The file allocation table (FAT) file system is a legacy file system that provides good performance but does not deliver the same reliability and scalability as some of the newer file systems. The FAT file system is still supported by most operating systems for backward-compatibility reasons. Still, it has mostly been replaced by NTFS (more on this in a moment) as the preferred file system for the Microsoft operating system. If a user has a drive running a FAT32 file system partition, however, they can connect it to a computer running Windows 7 and retrieve the data from that drive because all modern versions of Windows, including 7, 8, and 10, still support the FAT32 file system.

FAT originally came in two flavors, FAT16 and FAT32, the difference being that FAT16 supported fewer files in the root directory, smaller maximum file sizes, and smaller maximum partition size. Modern iterations of FAT use exFAT, which further increases the maximum file and partition sizes.

The FAT file system is used by a variety of removable media, including solid-state memory cards, flash memory cards, and portable devices. The FAT file system does not support the advanced features of NTFS like encryption, VSS, and compression.

New Technology File System

The New Technology File System (NTFS) is a proprietary file system developed by Microsoft to support the Windows operating systems. It first became available with Windows NT 3.1 and has been used on all of Microsoft’s operating systems since then. NTFS was Microsoft’s replacement for the FAT file system. NTFS has many advantages over FAT, including improved performance and reliability, larger partition sizes, and enhanced security.

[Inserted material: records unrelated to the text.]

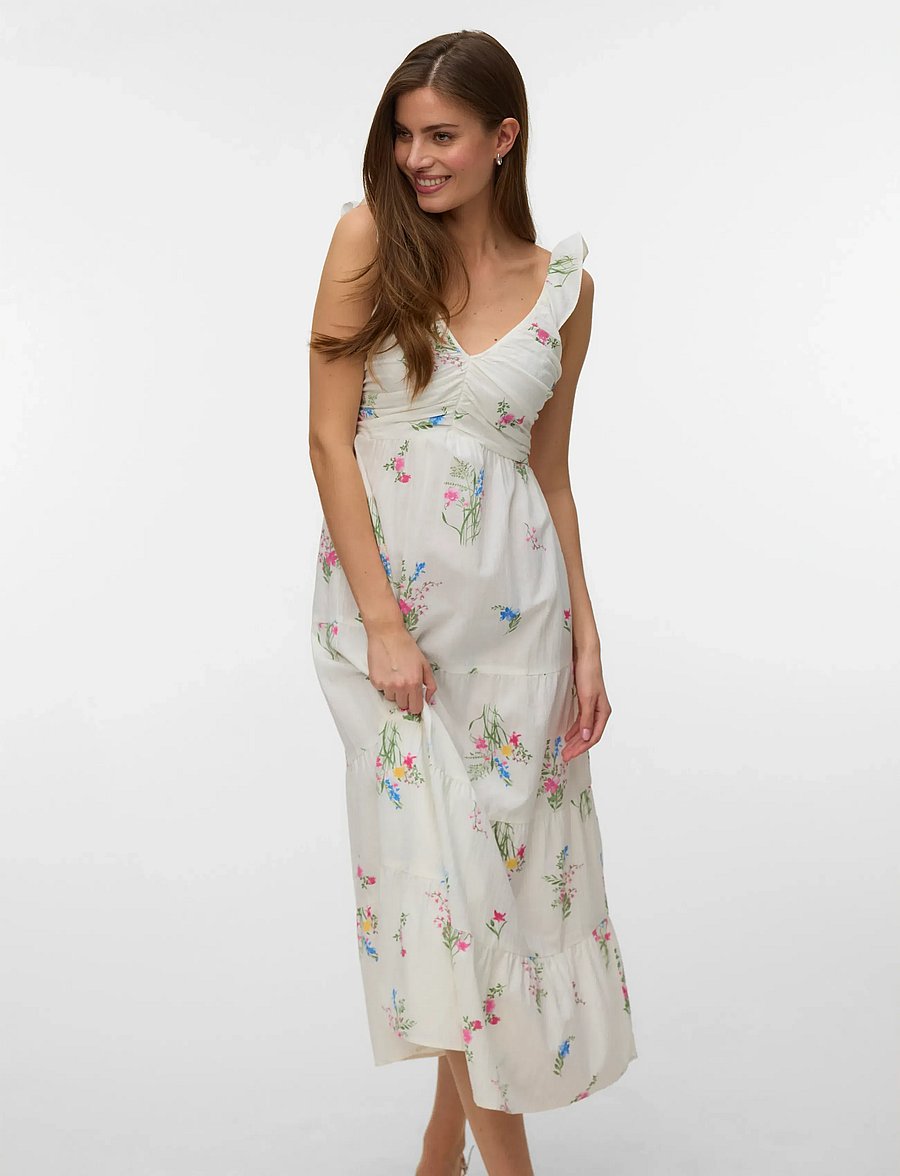 Vero Moda - VMDICTHE SL FRILL ANKLE DRESS WVN GA - suvekleidid - snow white - 3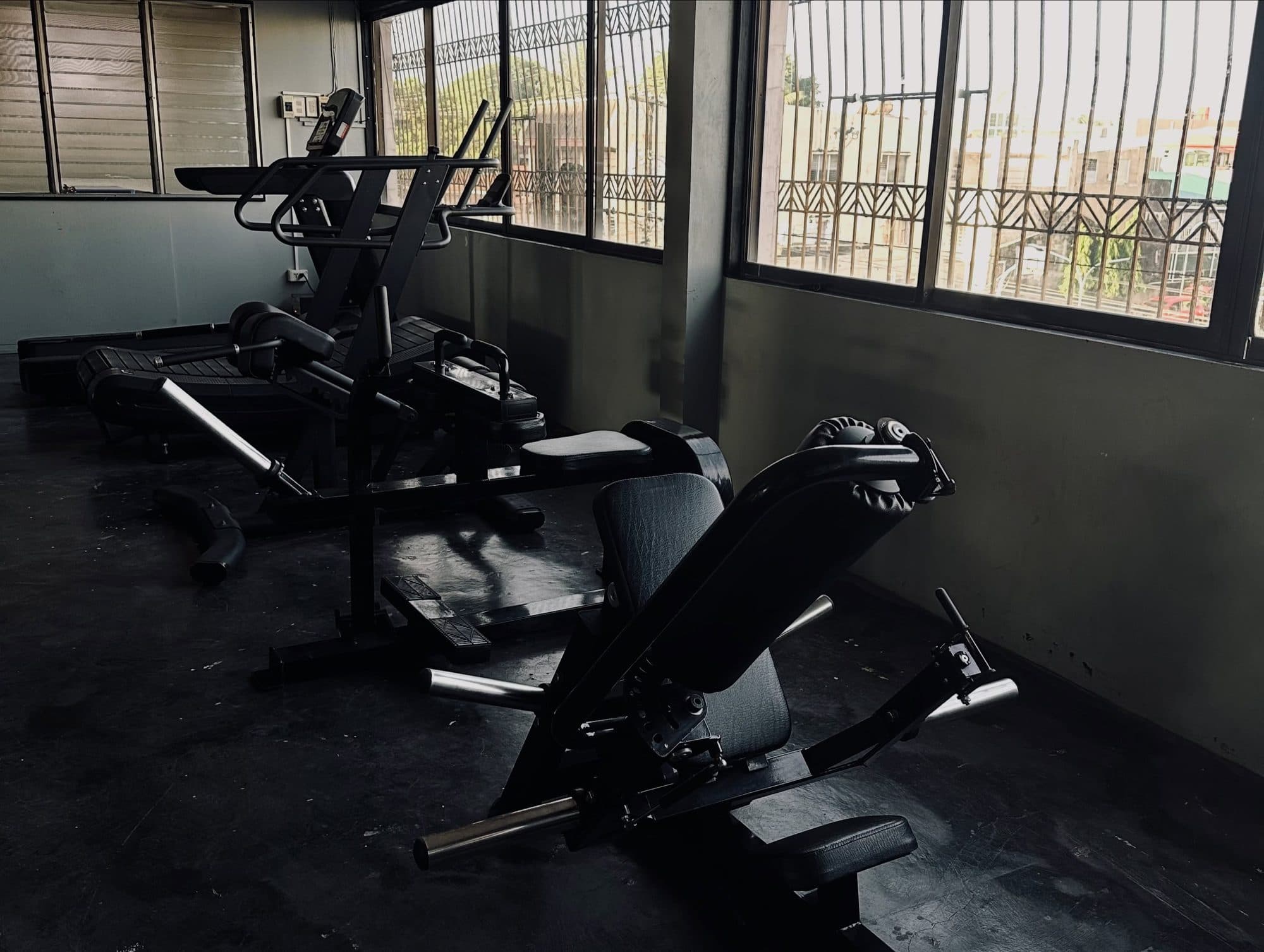 Treadmills and cardio machines by the windows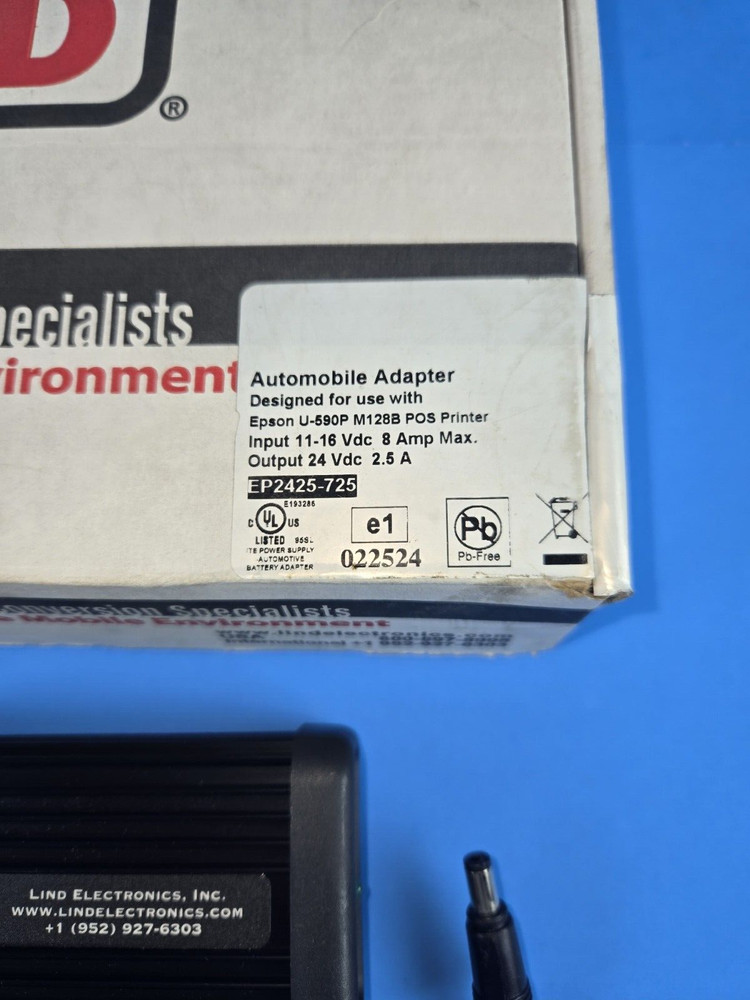 LIND MOBILE COMPUTING DC POWER ADAPTER HSEP 2425-725 FOR EPSON U-590P, 24 VDC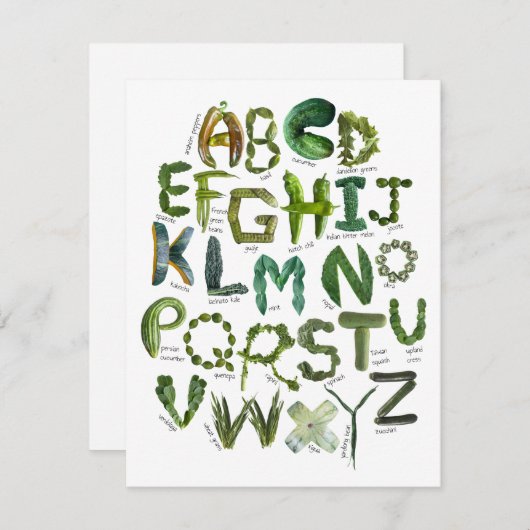 グリーンフルーツと野菜アルファベット – 野菜 招待状 (正面/裏面)
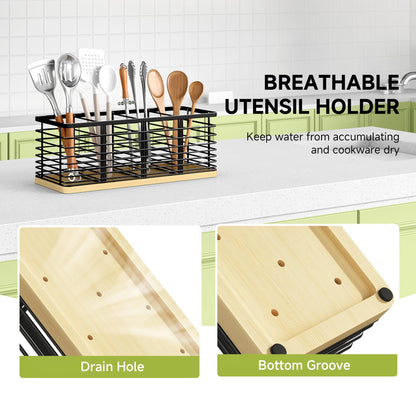 FIGWINET Extra Large Kitchen Utensil Holder, Metal Utensil Organizer with 4 Compartments, Black Cooking Utensil Holder for Kitchen Counter with Wooden Base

NTFS uses the NT LAN Manager (NTLM) protocol for authentication.

Starting with version 1.2, NTFS added support for file compression, which is ideal for files that are written on an infrequent basis. However, compression can lead to slower performance when accessing the compressed files; therefore, it is not recommended for .exe or .dll files or for network shares that contain roaming profiles due to the extra processing required to load roaming profiles.

NTFS version 3.0 added support for volume shadow copy service (VSS), which keeps a historical version of files and folders on an NTFS volume. Shadow copies allow you to restore a file to a previous state without the need for backup software. The VSS creates a copy of the old file as it is writing the new file, so the user has access to the previous version of that file. It is best practice to create a shadow copy volume on a separate disk to store the files.

Exercise 2-1: Formatting a Disk with the NTFS Partition in Windows

In this exercise, we will create an NTFS partition on a USB drive. Please note that this operation removes all data from the drive, so please move any data you want to save off the drive before creating the partition.

1.   Insert the USB drive into your Windows computer.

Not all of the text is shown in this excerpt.